I am a bit astonished by the absence of any information from the States and personally from you.

From the minutes I see that you are having difficulty with the Socialist Appeal. The paper is very well done from a journalistic point of view; but it is a paper for workers and not a workers’ paper. I hope that the administrative change in the editorial board will be salutary not only from the financial but from the political standpoint.

As it is, the paper is divided among various writers, each of whom is very good, but collectively they do not permit the workers to penetrate to the pages of the Appeal. Each of them speaks for the workers (and speaks very well), but nobody will hear the workers. In spite of its literary brilliance, to a certain degree the paper becomes a victim of journalistic routine. You do not hear at all how the workers live, fight, clash with the police or drink whiskey. It is very dangerous for the paper as a revolutionary instrument of the party. The task is not to make a paper through the joint forces of a skilled editorial board, but to encourage the workers to speak for themselves.

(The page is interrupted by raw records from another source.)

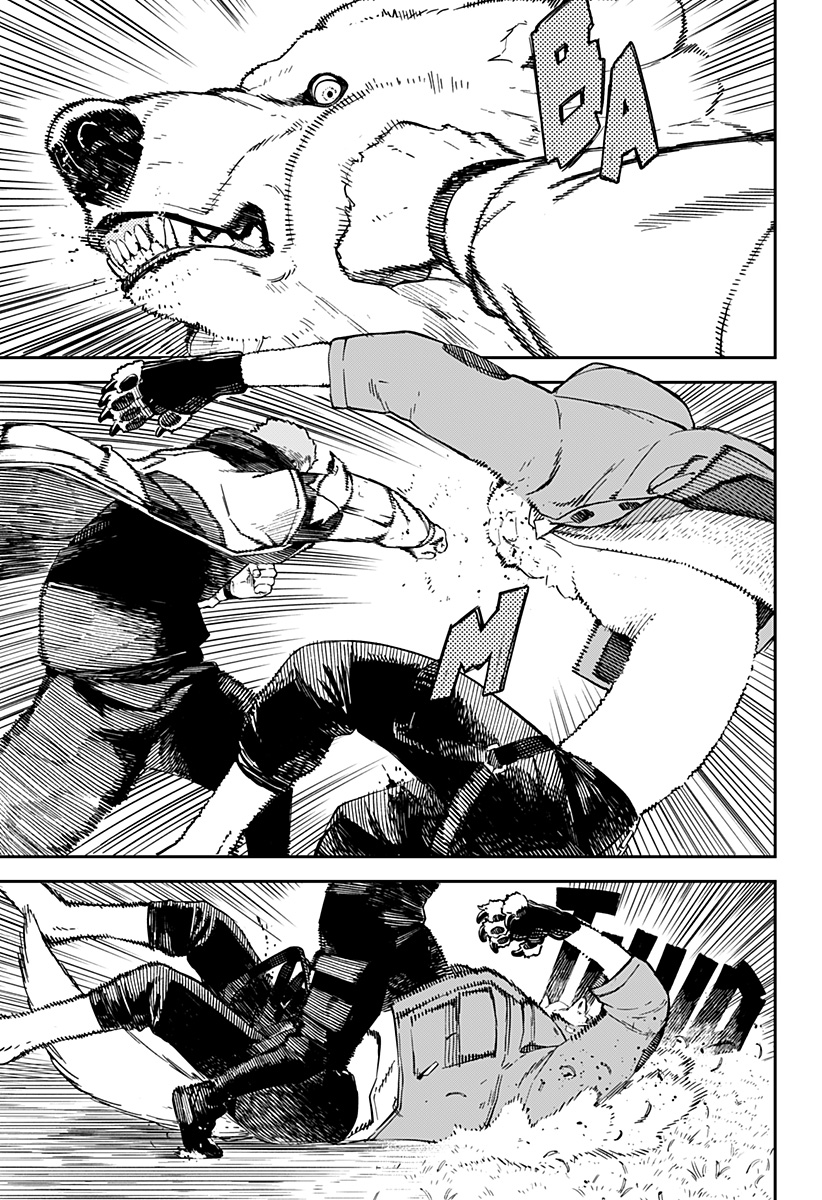 NoName - Chapter 13 - Page 5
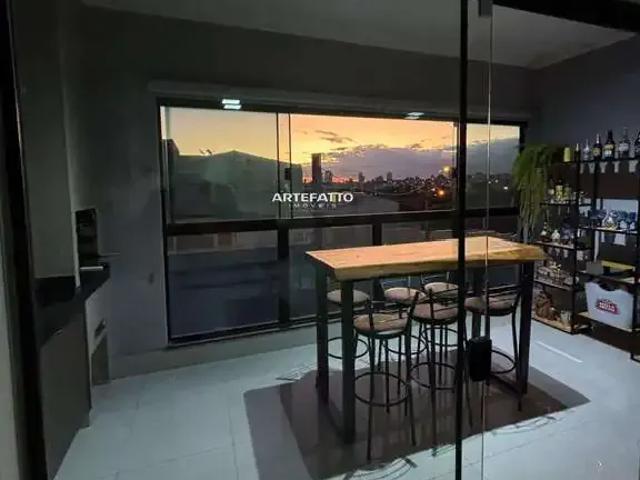 Apartamento venda em Região Imediata de Franca, Juranda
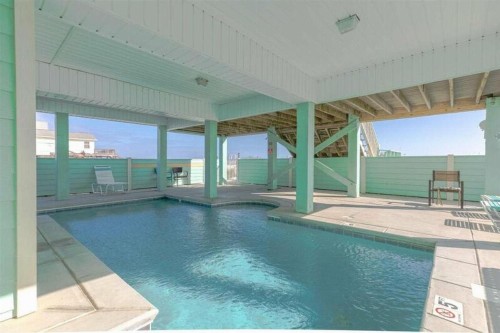 Sea Foam by Meyer Vacation Rentals - image 7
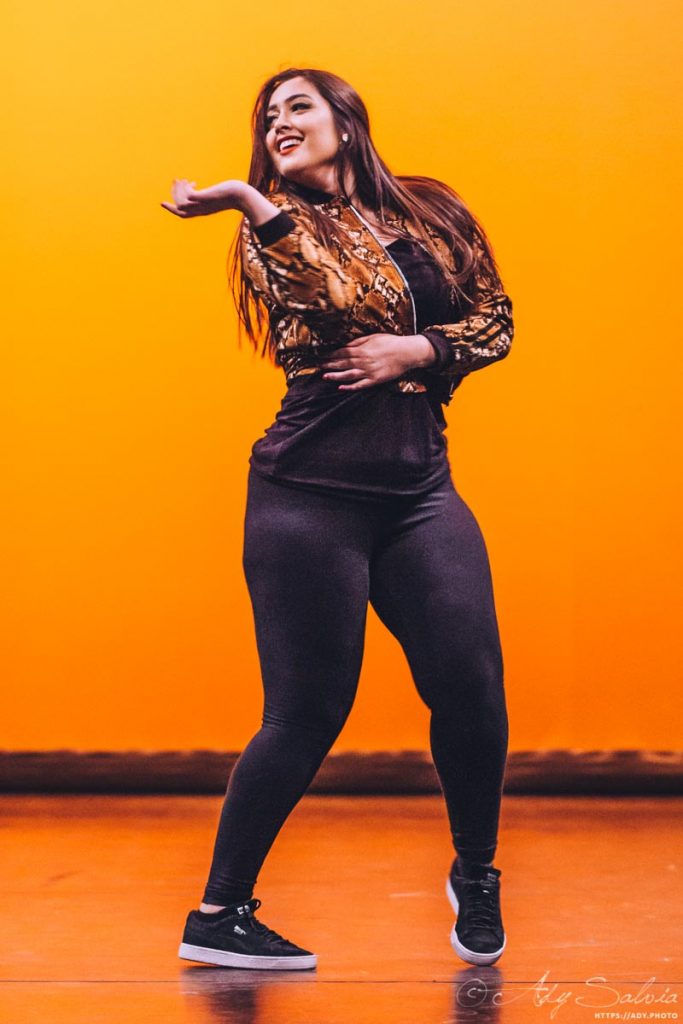 8ème Festival de Danses Amateur de Narbonne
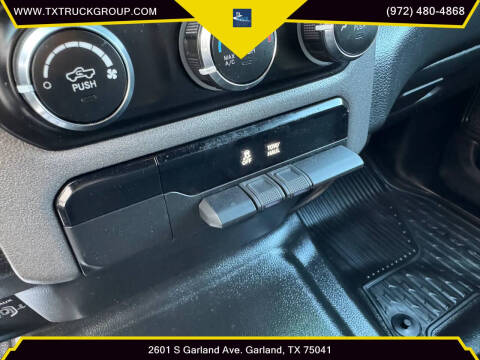 2022 RAM 1500 Tradesman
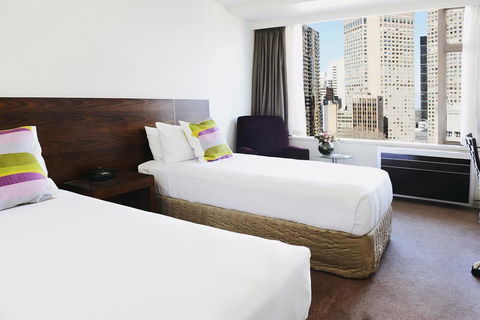 Rydges Melbourne - Timeshare Accommodation 3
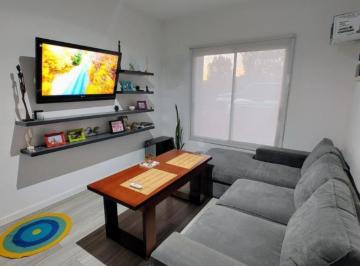 Departamento · 58m² · 3 Ambientes · Departamento en Venta - 1 Dormitorio 1 Baño - Canning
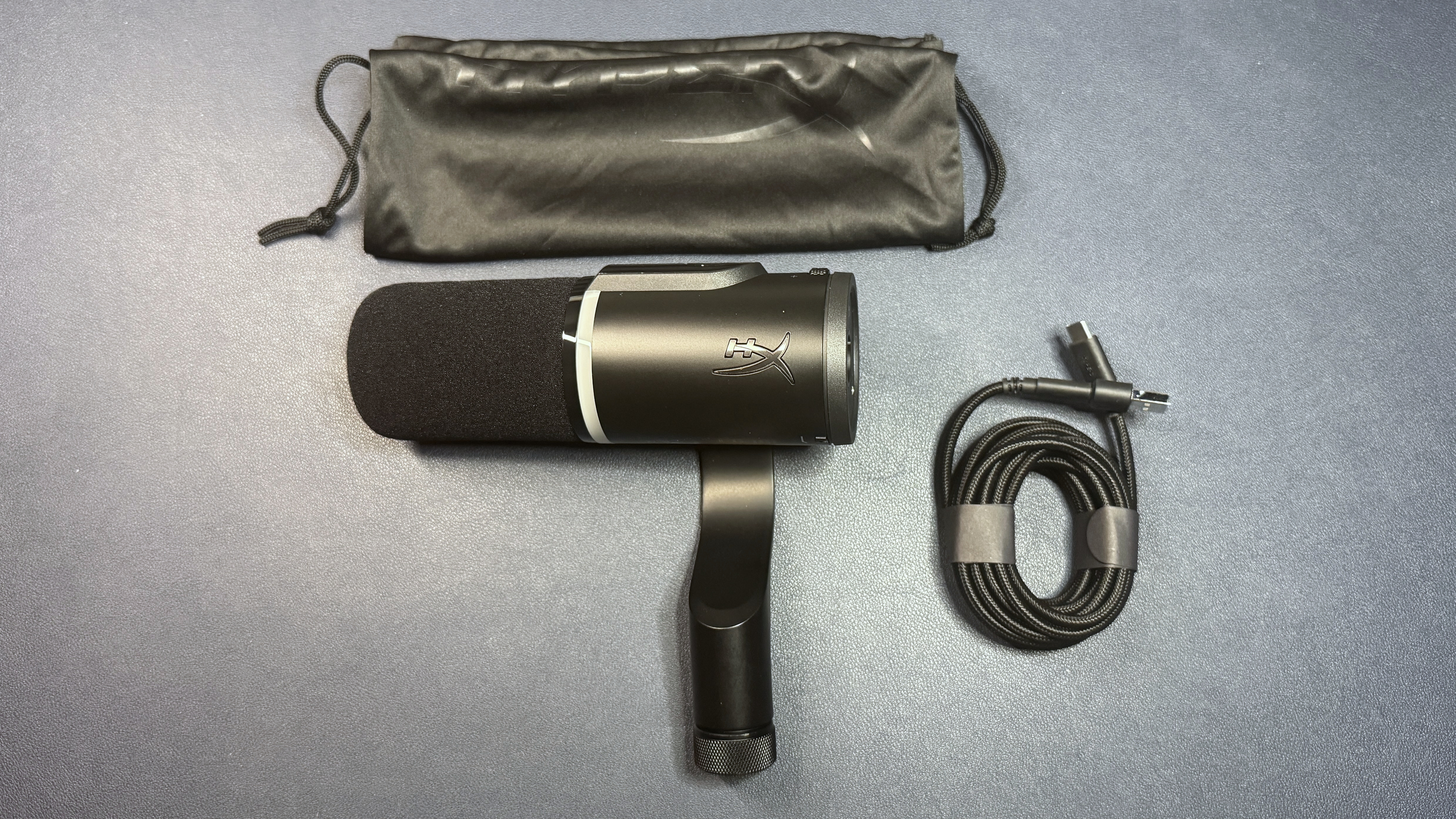 HyperX FlipCast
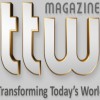 Transforming Today's World Magazine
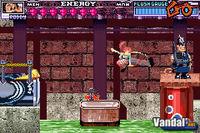 Imagen Flushed Away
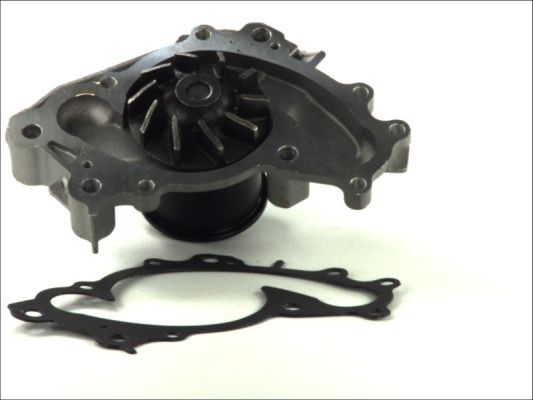 Водяной насос охлаждение двигателя THERMOTEC D12070TT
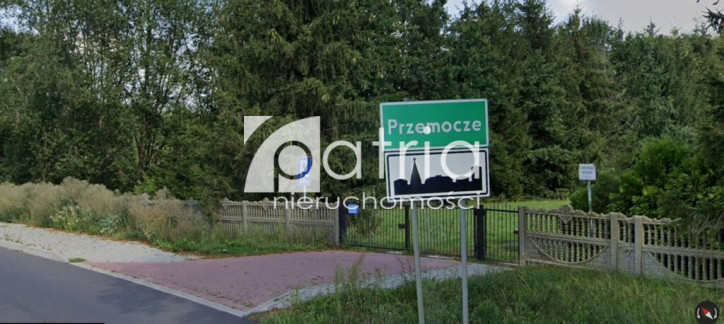 Działka Sprzedaż Przemocze 5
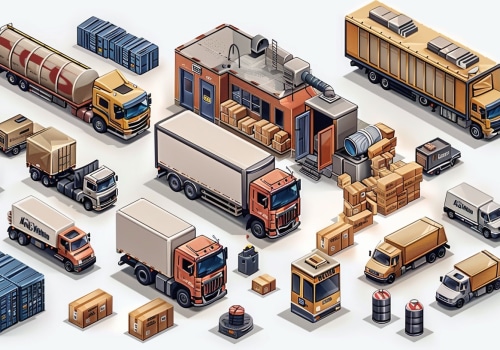 Understanding Pricing Models in the Moving Industry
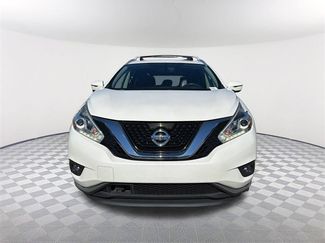 Used 2016 Nissan Murano Platinum w/ Platinum Technology Package video 2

I am in entire agreement with the PC that a twice-weekly can be put out by two, even by one, editors under the condition that the whole party participates in the paper not only financially but politically and journalistically. The paper must have correspondents, researchers and reporters everywhere. Three lines from a shop or a meeting can often give more than a well-written article by the staff. Only such a paper can penetrate into the masses and receive great support from them.

A radical and courageous change is necessary as a condition of success. The paper is too wise, too scholarly, too aristocratic for the American workers and tends to reflect the party more as it is than to prepare it for its future.

Of course it is not only a question of the paper, but of the whole course of policy. I continue to be of the opinion that you have too many petty-bourgeois boys and girls who are very good and devoted to the party, but who do not fully realize that their duty is not to discuss among themselves, but to penetrate into the fresh milieu of workers. I repeat my proposition: Every petty-bourgeois member of the party who, during a certain time, let us say three or six months, does not win a worker for the party, should be demoted to the rank of candidate and after another three months expelled from the party. In some cases it might be unjust, but the party as a whole would receive a salutary shock which it needs very much. A very radical change is necessary.

I sent Comrade Goldman a letter, but have not yet received his acknowledgement. I hope that he is now in France.